### Extracted material
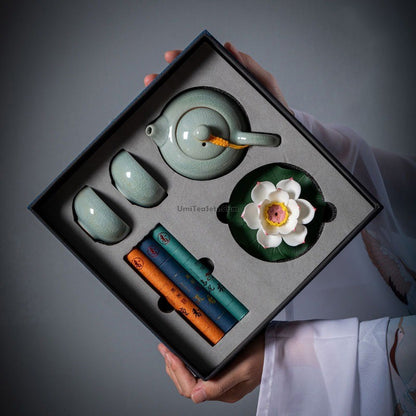 Geyao Tea Set With Lotus Incense Holder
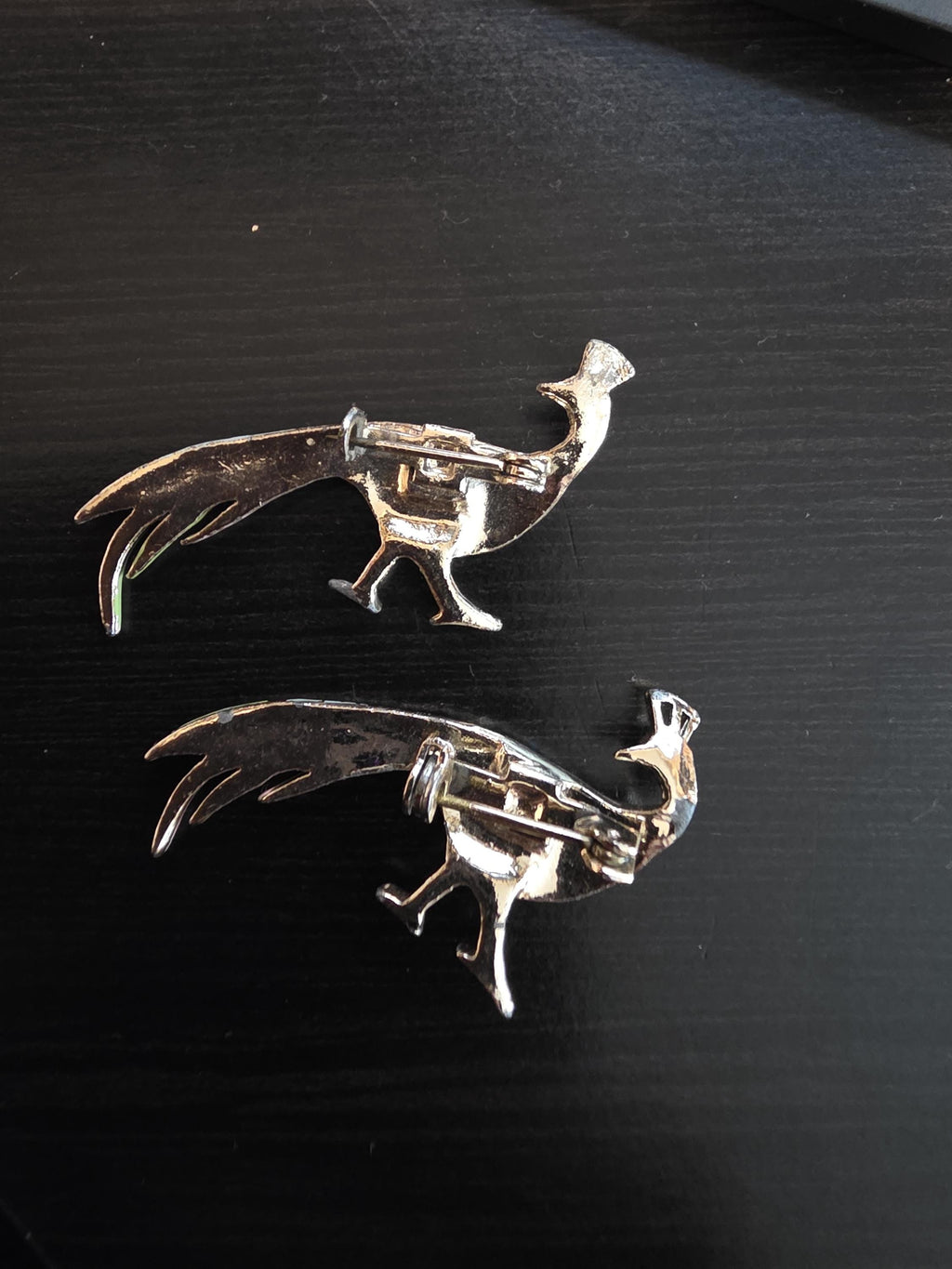 Vintage 1960s Gold Tone Peacock Brooches | Rhinestone Enamel Pin Set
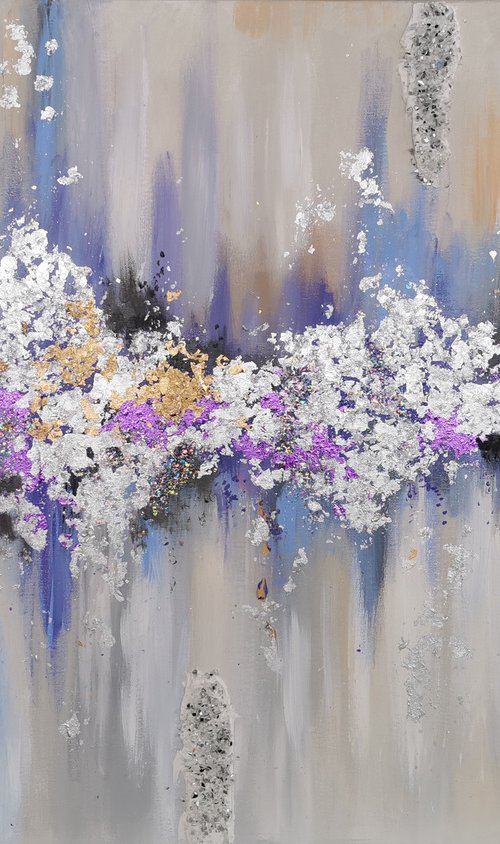 Abstract canvas wall art, Lavender and silver, Original Abstract painting by Annet Loginova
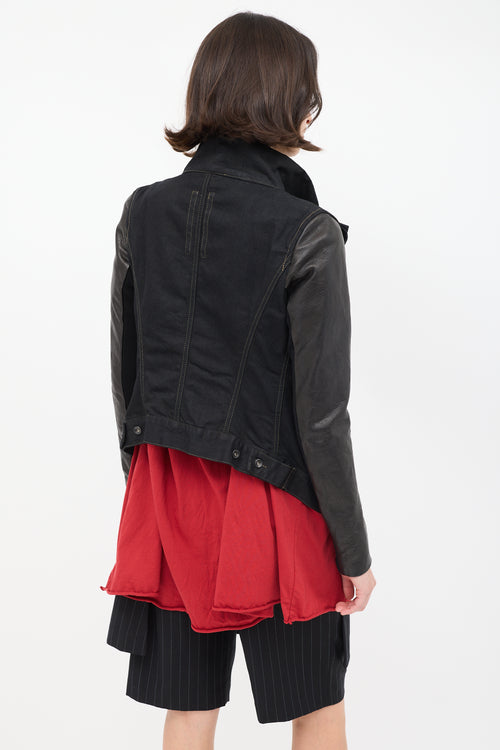 Rick Owens DRKSHDW Black Denim & Leather High Low Drape Jacket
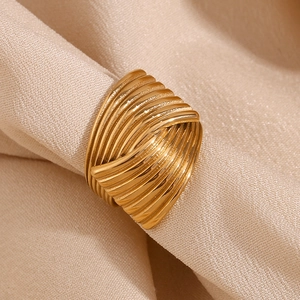 18K gold plated stainless steel ring with a multi-layer fan-shaped textured stripe design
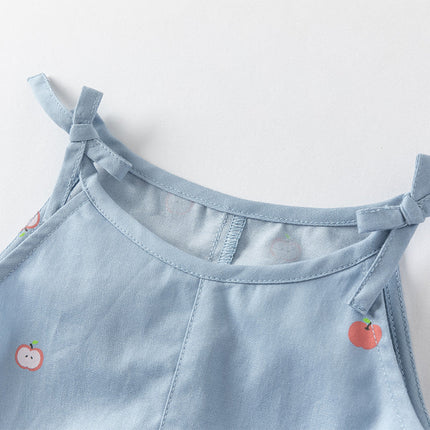 Baby Girls Summer Cute Sky Blue Lightweight Cotton Rompers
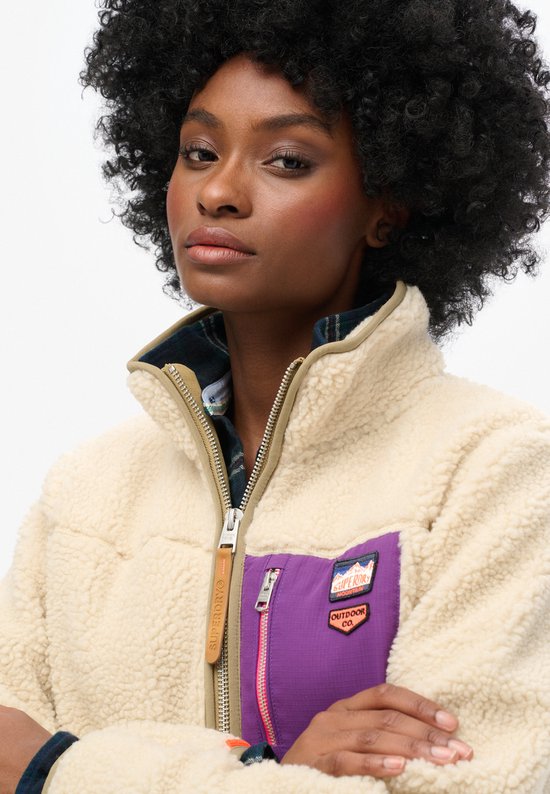 Superdry - Vintage retro fleecetrui met halve rits - Dames - Truien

### Exercise goal
Your answer must be an exact copy of the lines above, from the line that contains "Baby Girls Summer" through the final line, with no pictures in it.

### Solution to this exercise
 Baby Girls Summer Cute Sky Blue Lightweight Cotton Rompers
 Superdry - Vintage retro fleecetrui met halve rits - Dames - Truien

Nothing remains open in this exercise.